• FEBRUARY 24, 2001

The Survey: Implications for the market

The Economic Survey presented to Parliament has some interesting sidelights. One thing, which struck the eye in the capital market section was that the average price earning multiple over the last seven years has been 24.4. This implies that each rupee of earnings by listed companies has been valued, on an average, by 24.4 times. The current price to earning multiple of the BSE Sensex is at 25.7 on trailing earnings. If one were to take into account forward earnings estimates the earnings multiple of the Sensex stands at less than 22 times.

Of course this is important only for top down investors and index trackers rather than for those who pick stocks based on valuations based on fundamentals and the quality of management. But it does indicate the overall level of the Sensex vis-à-vis the earlier years,

The survey has also hinted at lowering small saving interest rates in the future, which would imply further investments in mutual funds thereby implying further funds flowing into the stock markets. The trend in shorter term borrowings rate (exemplified call money rates) which were higher in 2000–2001 thanks to two rate increases in the second half of the year by RBI can also be expected to settle down at lower rates in the coming year. This would also reduce the cost of borrowings for meeting working capital needs by companies.
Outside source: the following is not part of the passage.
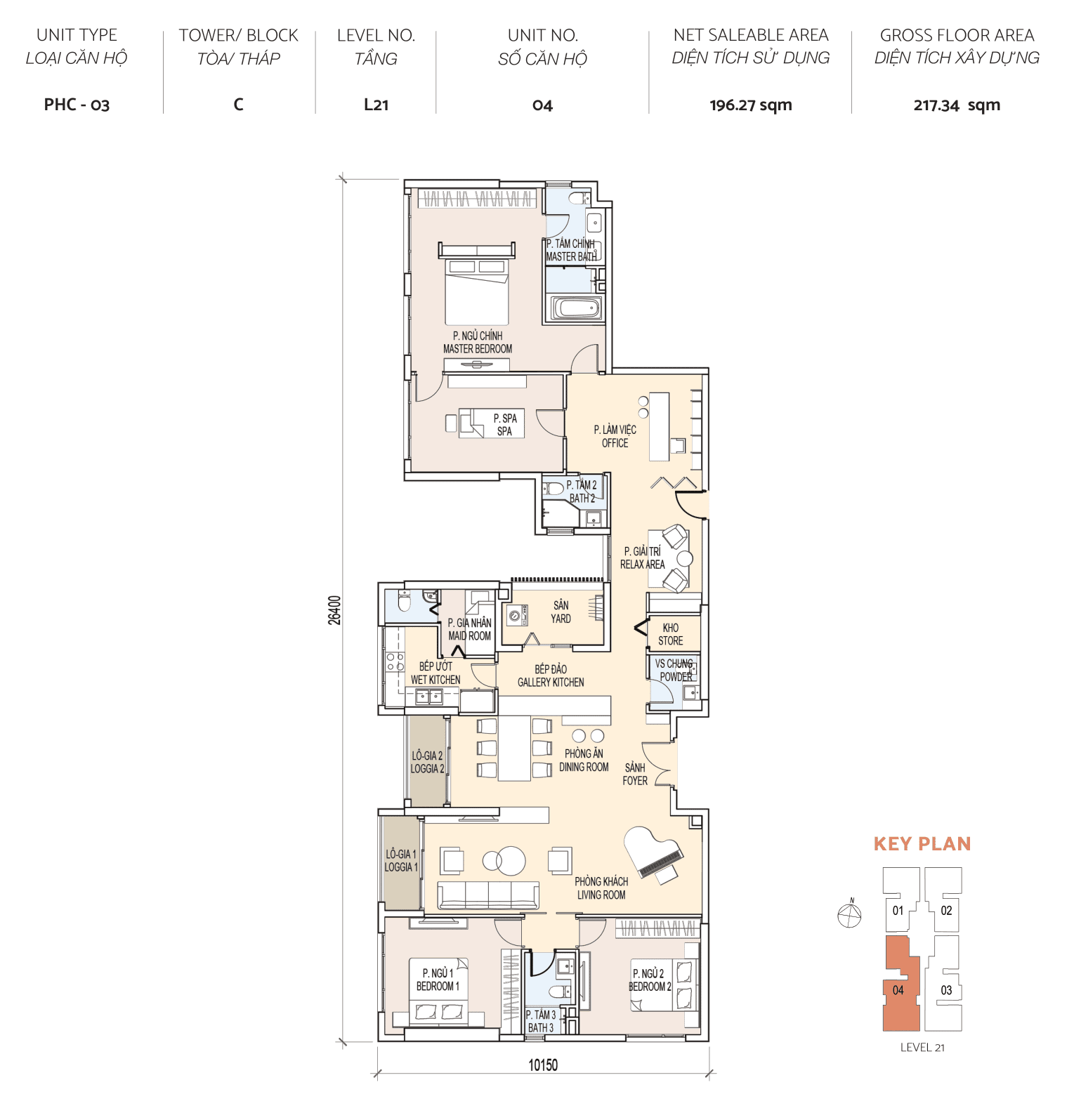 DE LA SOL Floor Plan - Căn 3PN - Penthouse - CELLO TOWER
If the coming budget were to further allow an increase in the FII limits to 49% (the market rumours indicate raising the limits to 44%) then the good FII inflows can be expected to sustain post budget too. Whether that would be enough for helping Indian companies meet the free float criteria in the Morgan Stanley Capital International (MSCI) recast is difficult to say. .

MSCI has defined free float as the proportion of share capital that is deemed to be available for purchase in the public equity markets by international investors (FIIs). As a general rule, the free float of a security is its total number of shares outstanding less the holdings of the strategic investors, read promoters.

For countries, such as India, where the government has imposed a limit on FII shareholding (40%), the free float available to the shareholders is the lesser of the free float as defined (at present, constituents are included at 60% of the current market capitalisation, this would go upto 85% of the free float–adjusted market capitalisation after the recast) and the foreign ownership limit.

Overall the implication of the thoughts in the Survey seem positive for the market. The lowering of interest rates that would propel higher inflows into mutual funds and the higher limits for the FIIs would be happening at a time when the earnings multiples seem reasonable.